ASSIGNMENT —
Copy the complete listing exactly as shown.
++++++++
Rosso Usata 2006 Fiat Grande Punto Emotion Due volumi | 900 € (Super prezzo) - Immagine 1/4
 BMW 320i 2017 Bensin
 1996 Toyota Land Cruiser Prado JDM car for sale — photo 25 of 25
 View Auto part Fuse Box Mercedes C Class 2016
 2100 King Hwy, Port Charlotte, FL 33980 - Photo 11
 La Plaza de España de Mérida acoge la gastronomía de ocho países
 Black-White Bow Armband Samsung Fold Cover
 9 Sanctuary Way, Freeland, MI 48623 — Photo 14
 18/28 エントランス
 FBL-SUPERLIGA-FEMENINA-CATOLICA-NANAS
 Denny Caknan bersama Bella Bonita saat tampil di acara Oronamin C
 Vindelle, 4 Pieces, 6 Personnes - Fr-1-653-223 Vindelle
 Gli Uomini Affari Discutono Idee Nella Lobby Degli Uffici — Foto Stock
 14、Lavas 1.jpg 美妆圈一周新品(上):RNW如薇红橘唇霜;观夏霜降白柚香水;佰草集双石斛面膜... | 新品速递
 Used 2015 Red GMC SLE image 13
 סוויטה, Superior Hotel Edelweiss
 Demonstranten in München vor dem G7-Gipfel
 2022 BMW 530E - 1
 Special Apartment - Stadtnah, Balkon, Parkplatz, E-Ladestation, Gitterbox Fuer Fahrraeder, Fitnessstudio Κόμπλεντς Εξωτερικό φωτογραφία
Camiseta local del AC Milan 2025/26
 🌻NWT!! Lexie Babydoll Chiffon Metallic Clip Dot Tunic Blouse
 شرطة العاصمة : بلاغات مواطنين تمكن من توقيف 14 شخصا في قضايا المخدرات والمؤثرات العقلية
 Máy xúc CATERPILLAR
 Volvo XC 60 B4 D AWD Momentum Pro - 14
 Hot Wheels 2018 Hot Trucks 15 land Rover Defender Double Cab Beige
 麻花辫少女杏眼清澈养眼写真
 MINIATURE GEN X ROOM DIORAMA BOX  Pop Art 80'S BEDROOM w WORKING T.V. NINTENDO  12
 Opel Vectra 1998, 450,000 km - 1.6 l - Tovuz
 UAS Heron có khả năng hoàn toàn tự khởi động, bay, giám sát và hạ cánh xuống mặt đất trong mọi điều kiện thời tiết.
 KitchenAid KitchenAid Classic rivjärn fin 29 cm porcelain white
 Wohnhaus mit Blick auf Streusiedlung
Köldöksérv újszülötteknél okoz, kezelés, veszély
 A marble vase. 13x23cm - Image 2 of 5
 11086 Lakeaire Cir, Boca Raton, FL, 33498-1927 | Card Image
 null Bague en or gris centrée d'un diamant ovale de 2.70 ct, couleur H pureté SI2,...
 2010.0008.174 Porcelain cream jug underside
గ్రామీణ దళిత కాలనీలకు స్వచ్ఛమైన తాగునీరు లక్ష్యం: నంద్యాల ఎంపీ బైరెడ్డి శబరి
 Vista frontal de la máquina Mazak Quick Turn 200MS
++++++++
REPLY TO THE TASK —
Rosso Usata 2006 Fiat Grande Punto Emotion Due volumi | 900 € (Super prezzo) - Immagine 1/4
 BMW 320i 2017 Bensin
 1996 Toyota Land Cruiser Prado JDM car for sale — photo 25 of 25
 View Auto part Fuse Box Mercedes C Class 2016
 2100 King Hwy, Port Charlotte, FL 33980 - Photo 11
 La Plaza de España de Mérida acoge la gastronomía de ocho países
 Black-White Bow Armband Samsung Fold Cover
 9 Sanctuary Way, Freeland, MI 48623 — Photo 14
 18/28 エントランス
 FBL-SUPERLIGA-FEMENINA-CATOLICA-NANAS
 Denny Caknan bersama Bella Bonita saat tampil di acara Oronamin C
 Vindelle, 4 Pieces, 6 Personnes - Fr-1-653-223 Vindelle
 Gli Uomini Affari Discutono Idee Nella Lobby Degli Uffici — Foto Stock
 14、Lavas 1.jpg 美妆圈一周新品(上):RNW如薇红橘唇霜;观夏霜降白柚香水;佰草集双石斛面膜... | 新品速递
 Used 2015 Red GMC SLE image 13
 סוויטה, Superior Hotel Edelweiss
 Demonstranten in München vor dem G7-Gipfel
 2022 BMW 530E - 1
 Special Apartment - Stadtnah, Balkon, Parkplatz, E-Ladestation, Gitterbox Fuer Fahrraeder, Fitnessstudio Κόμπλεντς Εξωτερικό φωτογραφία
Camiseta local del AC Milan 2025/26
 🌻NWT!! Lexie Babydoll Chiffon Metallic Clip Dot Tunic Blouse
 شرطة العاصمة : بلاغات مواطنين تمكن من توقيف 14 شخصا في قضايا المخدرات والمؤثرات العقلية
 Máy xúc CATERPILLAR
 Volvo XC 60 B4 D AWD Momentum Pro - 14
 Hot Wheels 2018 Hot Trucks 15 land Rover Defender Double Cab Beige
 麻花辫少女杏眼清澈养眼写真
 MINIATURE GEN X ROOM DIORAMA BOX  Pop Art 80'S BEDROOM w WORKING T.V. NINTENDO  12
 Opel Vectra 1998, 450,000 km - 1.6 l - Tovuz
 UAS Heron có khả năng hoàn toàn tự khởi động, bay, giám sát và hạ cánh xuống mặt đất trong mọi điều kiện thời tiết.
 KitchenAid KitchenAid Classic rivjärn fin 29 cm porcelain white
 Wohnhaus mit Blick auf Streusiedlung
Köldöksérv újszülötteknél okoz, kezelés, veszély
 A marble vase. 13x23cm - Image 2 of 5
 11086 Lakeaire Cir, Boca Raton, FL, 33498-1927 | Card Image
 null Bague en or gris centrée d'un diamant ovale de 2.70 ct, couleur H pureté SI2,...
 2010.0008.174 Porcelain cream jug underside
గ్రామీణ దళిత కాలనీలకు స్వచ్ఛమైన తాగునీరు లక్ష్యం: నంద్యాల ఎంపీ బైరెడ్డి శబరి
 Vista frontal de la máquina Mazak Quick Turn 200MS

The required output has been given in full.